From The Militant, Vol. VI No. 48, 21 October 1933, p. 4.
Transcribed & marked up by Einde O’ Callaghan for the Encyclopaedia of Trotskyism On-Line (ETOL).


The League of Nations as an Example for the NRA

The leading article of the New York Herald Tribune Sunday Magazine, last week, makes an eloquent plea for “No More Strikes”.

“One of the ironies of the day in this country”, it says, “is that one of our greatest organized efforts, one which has always been the loudest in the denunciation of war between the nations, is insisting on its own right to use force in settling its difficulties.”

* * * *

And then it goes on to quote William Green on the right to strike. (Another of the ironies of the day, by the way). The argument runs as, follows: The nations (sic) have found that force is wasteful, futile. They have set up Kellogg Pact and a League of Nations to banish war from their midst. Why can’t the workers take an example from that?

There is the NRA. The NRA is concerned with the welfare of the workers as the League is with that of the nations (sic). Why not let NRA replace the strike as the League has replaced war?

* * * *

Still another of the ironies of the day! Even while those words were being printed, the noble example, which the American workers were to follow – received such a dislodging shock that there remains very little to follow. Germany split from the League of Nations with a “bombshell”. War talk and war preparations are again seizing a feverish world. A most unfortunate example.

* * * *

While the example is hardly worthy of pursuit, it does no doubt offer a resemblance. It is a resemblance worth a worker’s attention. Both the League of Nations and the NRA were born out of the despair wrought by wasteful destructive capitalistic competition. In the first case, among the various capitalist nations. In the second case, among the different capitalists in the United States. They were both meant to serve as a sort of a regulator of this competition.

* * * *

When the League was formed, the powerful capitalist United States refused to join. It believed it could contribute to the “welfare of the nations” on the outside, without international control.

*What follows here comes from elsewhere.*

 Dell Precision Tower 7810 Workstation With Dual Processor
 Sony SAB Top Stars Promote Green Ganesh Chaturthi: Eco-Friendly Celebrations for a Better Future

When NRA went into effect, the richest single capitalist in the United States, Henry Ford, refused to join. He thought he could contribute to “industrial welfare” on the outside, without national control.

* * * *

Japan and Germany, two of the major powers, have bolted from the League. How soon will it be before the big capitalists will be bolting from NRA?

Why is the League blowing up? Because it is bound by the very laws of capitalism. Capitalism means ruthless competition. Capitalism is war, war of all against all. Capitalism signifies the perpetuation of the use of force. How could the League help blowing up? How can NRA help blowing up?

* * * *

The argument is really in favor of the use of the strike. As long as capitalism exists, peace among the nations is insecure. As long as capitalism and wage slavery, the demands of competition and the production for profit exist – just so long must hire and fire, unemployment, insecurity exist for workers. What better way has the worker to gain any measure of security, any degree of protection and improvement than by the collective, organized effort with his fellow workers – by the strike?

* * * *

In spite of the eloquent plea, in spite of the supplications of the NRA boosters, the workers are continuing to strike. They draw their conclusions from past examples. Some day they will draw a final conclusion. They will learn that there is no way of gaining welfare and of banishing war than by sweeping away the whole capitalistic system, with all its camouflages, with its League of Nation and NRA’s, with all its reign of force and terror. And they will do that by force. That will constitute one of the ironies of another day.

* * * *

And speaking of ironies, the greatest of all is perhaps the fact that the No More Strikes article in the Herald-Tribune is signed by none other than Ida M. Tarbell, the author of the History of the Standard Oil Company, a crusading muckraker and anti-Rockefeller campaigner of a past day ...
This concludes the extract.